§ Image-caption web data:
###

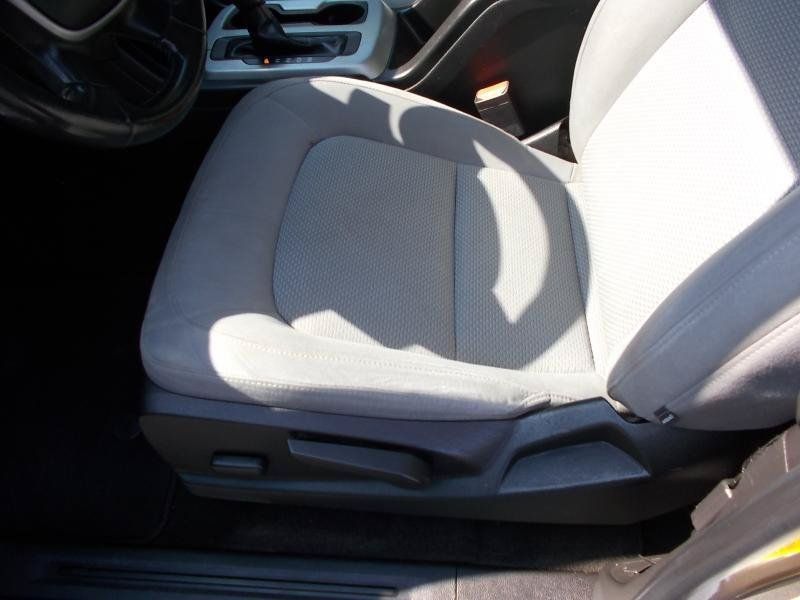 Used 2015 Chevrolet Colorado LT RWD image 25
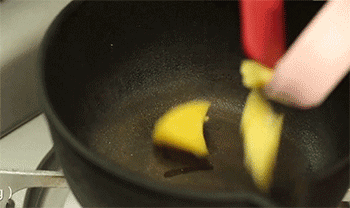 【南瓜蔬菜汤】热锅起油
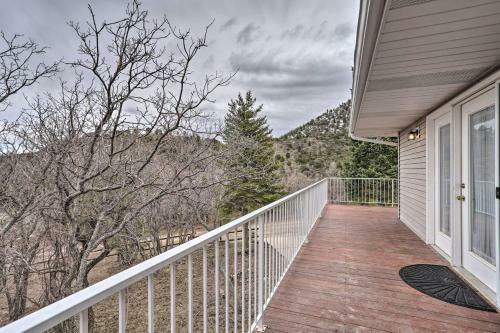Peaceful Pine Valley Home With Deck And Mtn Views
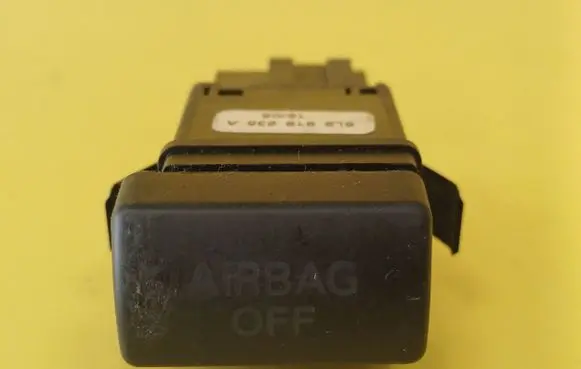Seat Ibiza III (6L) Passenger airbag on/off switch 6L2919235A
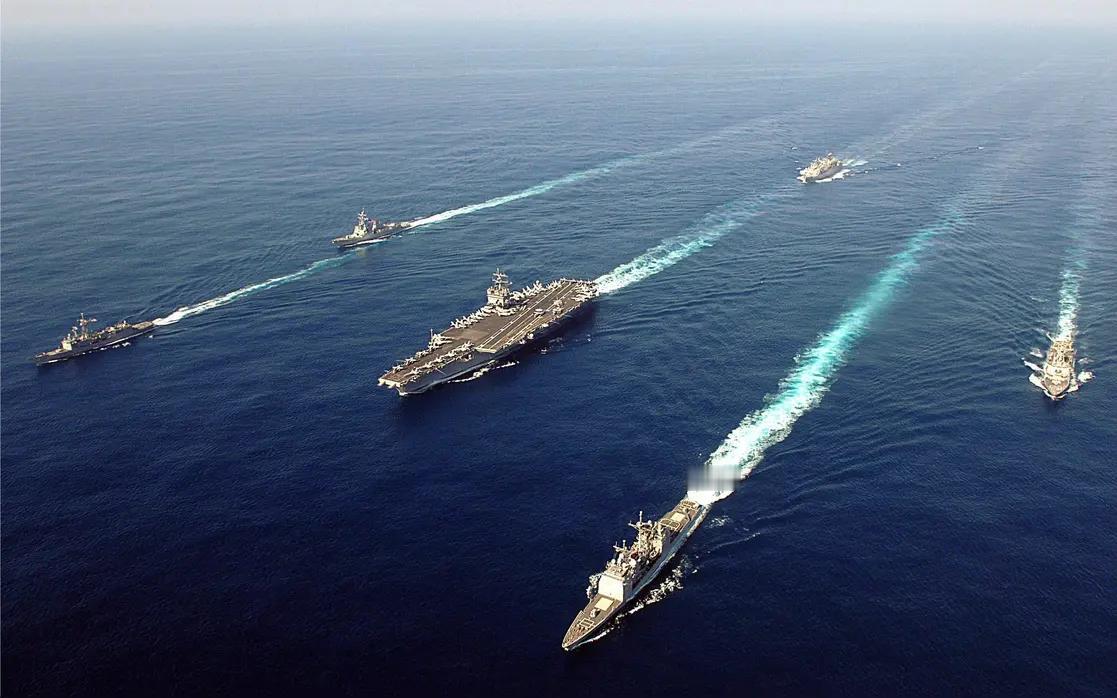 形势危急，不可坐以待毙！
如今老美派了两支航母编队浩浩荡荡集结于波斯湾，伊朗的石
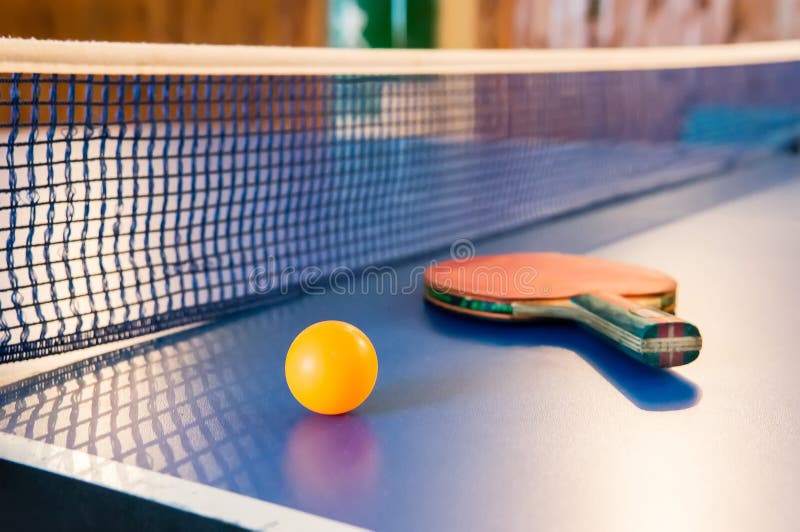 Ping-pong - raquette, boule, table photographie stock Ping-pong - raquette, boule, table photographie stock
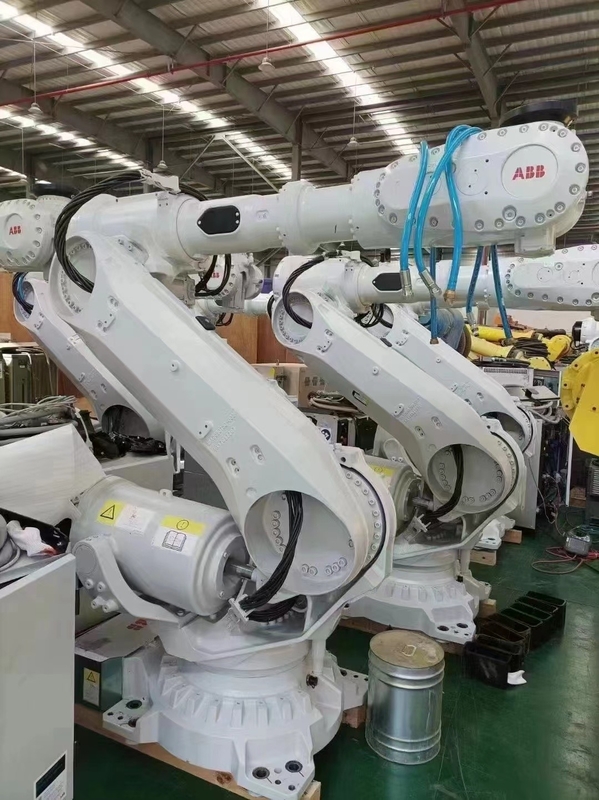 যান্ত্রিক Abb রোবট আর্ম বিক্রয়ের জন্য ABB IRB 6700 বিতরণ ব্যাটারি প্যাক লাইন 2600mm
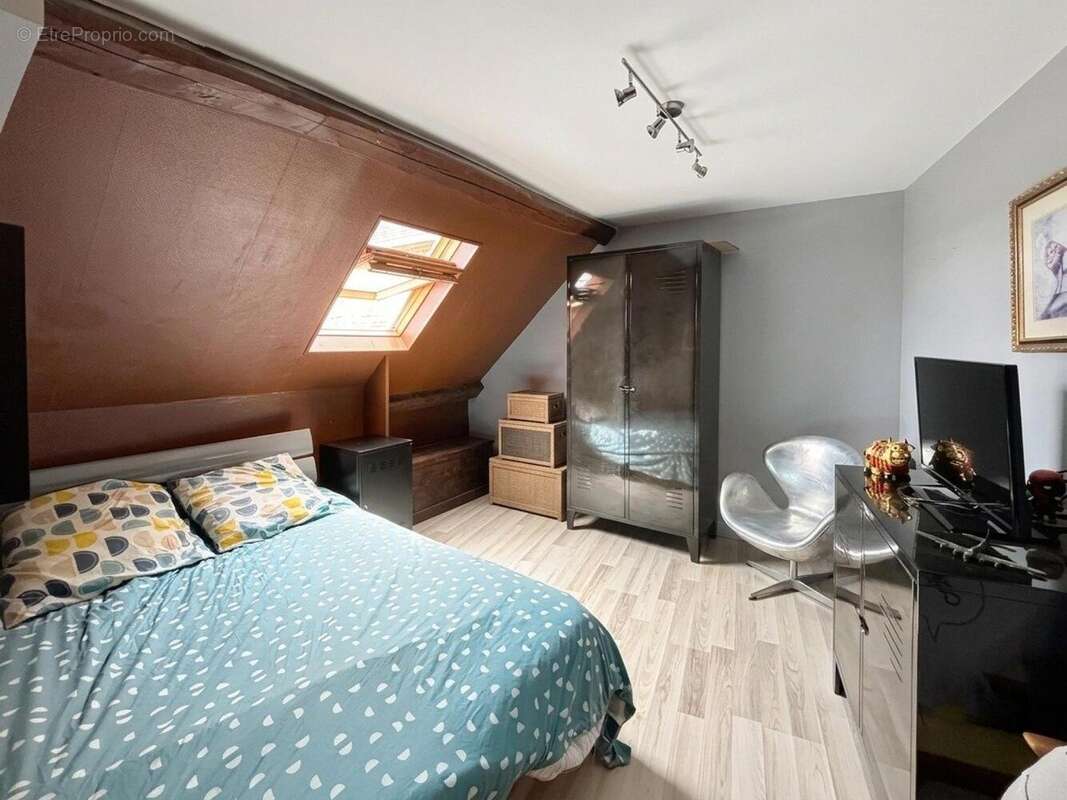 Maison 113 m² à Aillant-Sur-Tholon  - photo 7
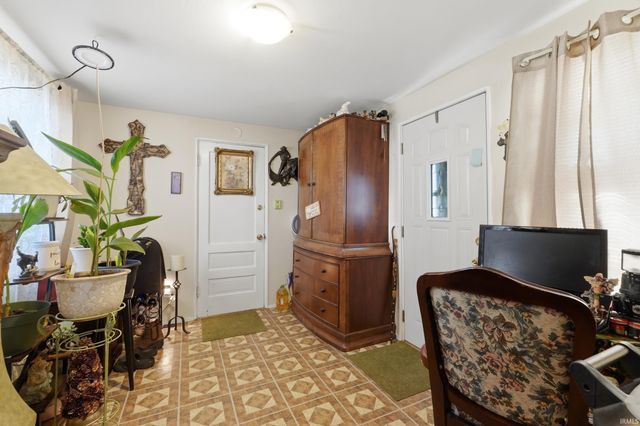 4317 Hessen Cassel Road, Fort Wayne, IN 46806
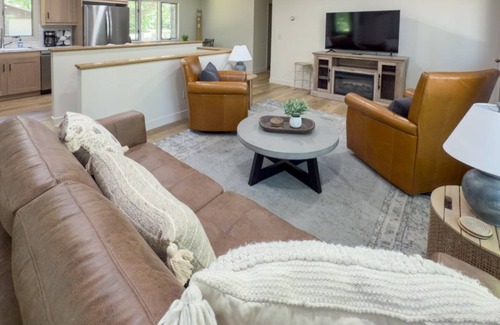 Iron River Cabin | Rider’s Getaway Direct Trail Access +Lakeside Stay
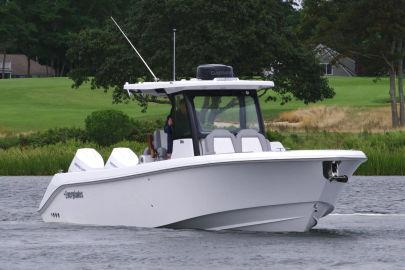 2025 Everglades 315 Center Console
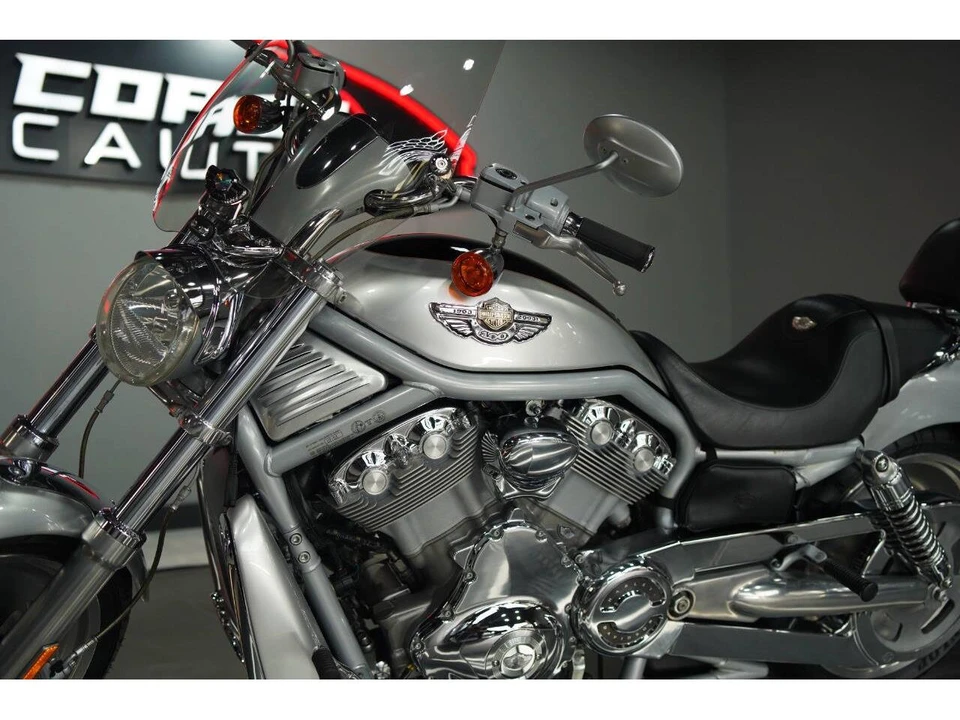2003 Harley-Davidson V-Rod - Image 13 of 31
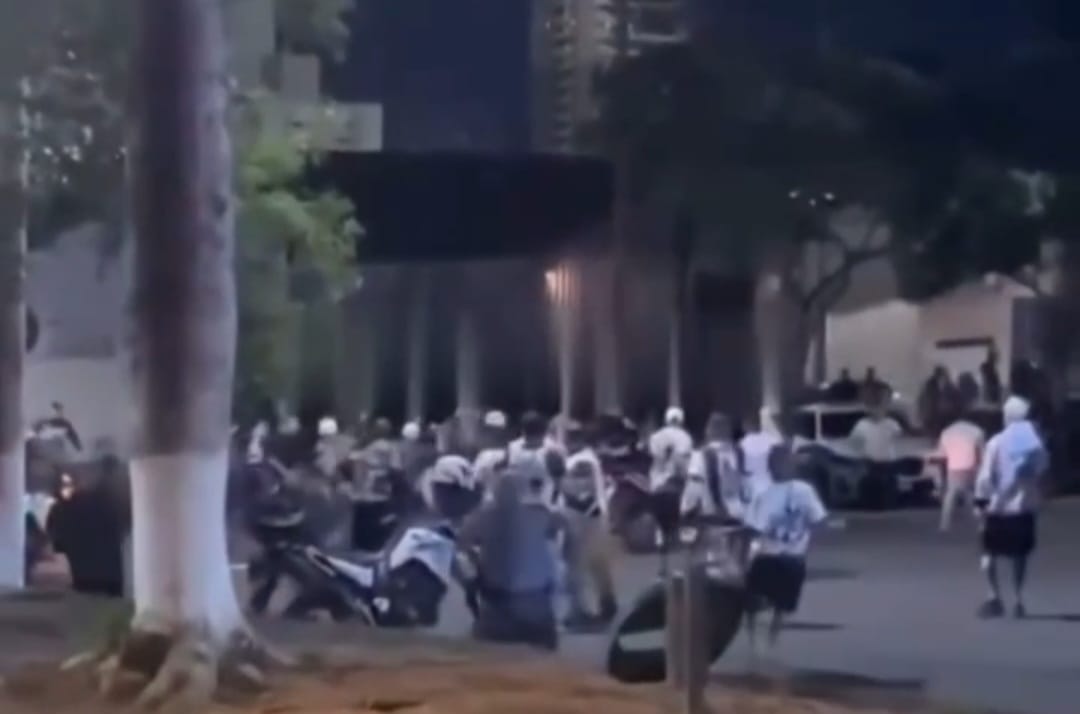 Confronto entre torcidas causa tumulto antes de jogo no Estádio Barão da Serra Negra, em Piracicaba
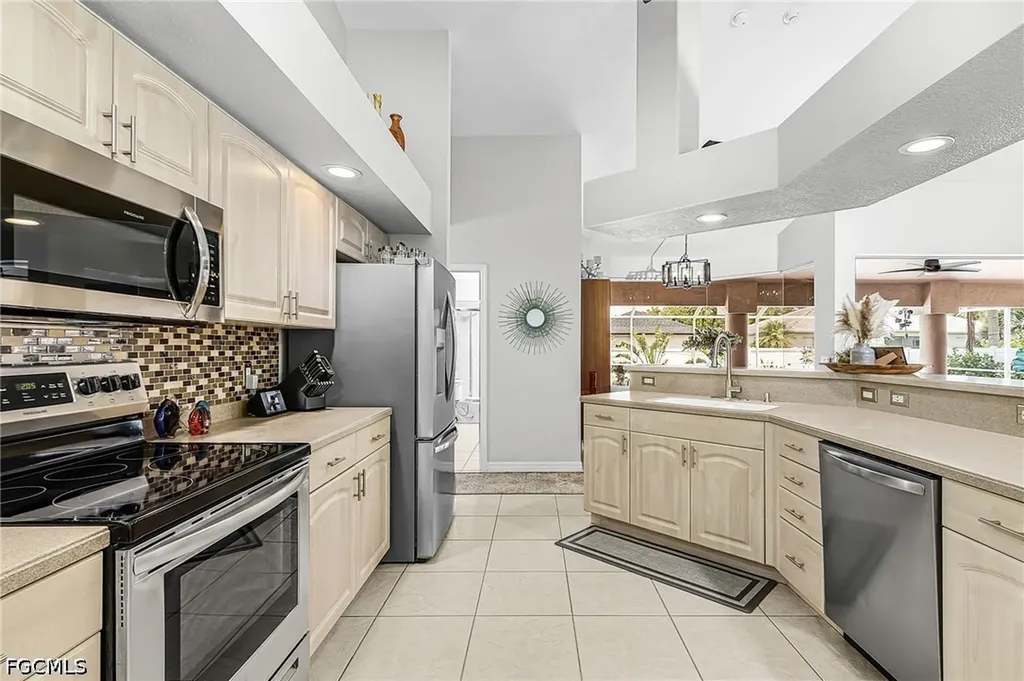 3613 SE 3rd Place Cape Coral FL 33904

###

§ DESCRIPTION OF THE TASK: Starting at the line containing "如今老美派了两支航母编队浩浩荡荡集结于波斯湾，伊朗的石", output every remaining line of the records above exactly, the last one included. Nothing else belongs in the output, and no pictures either.

§ THE COMPLETED TASK:
如今老美派了两支航母编队浩浩荡荡集结于波斯湾，伊朗的石
 Ping-pong - raquette, boule, table photographie stock Ping-pong - raquette, boule, table photographie stock
 যান্ত্রিক Abb রোবট আর্ম বিক্রয়ের জন্য ABB IRB 6700 বিতরণ ব্যাটারি প্যাক লাইন 2600mm
 Maison 113 m² à Aillant-Sur-Tholon  - photo 7
 4317 Hessen Cassel Road, Fort Wayne, IN 46806
 Iron River Cabin | Rider’s Getaway Direct Trail Access +Lakeside Stay
 2025 Everglades 315 Center Console
2003 Harley-Davidson V-Rod - Image 13 of 31
 Confronto entre torcidas causa tumulto antes de jogo no Estádio Barão da Serra Negra, em Piracicaba
 3613 SE 3rd Place Cape Coral FL 33904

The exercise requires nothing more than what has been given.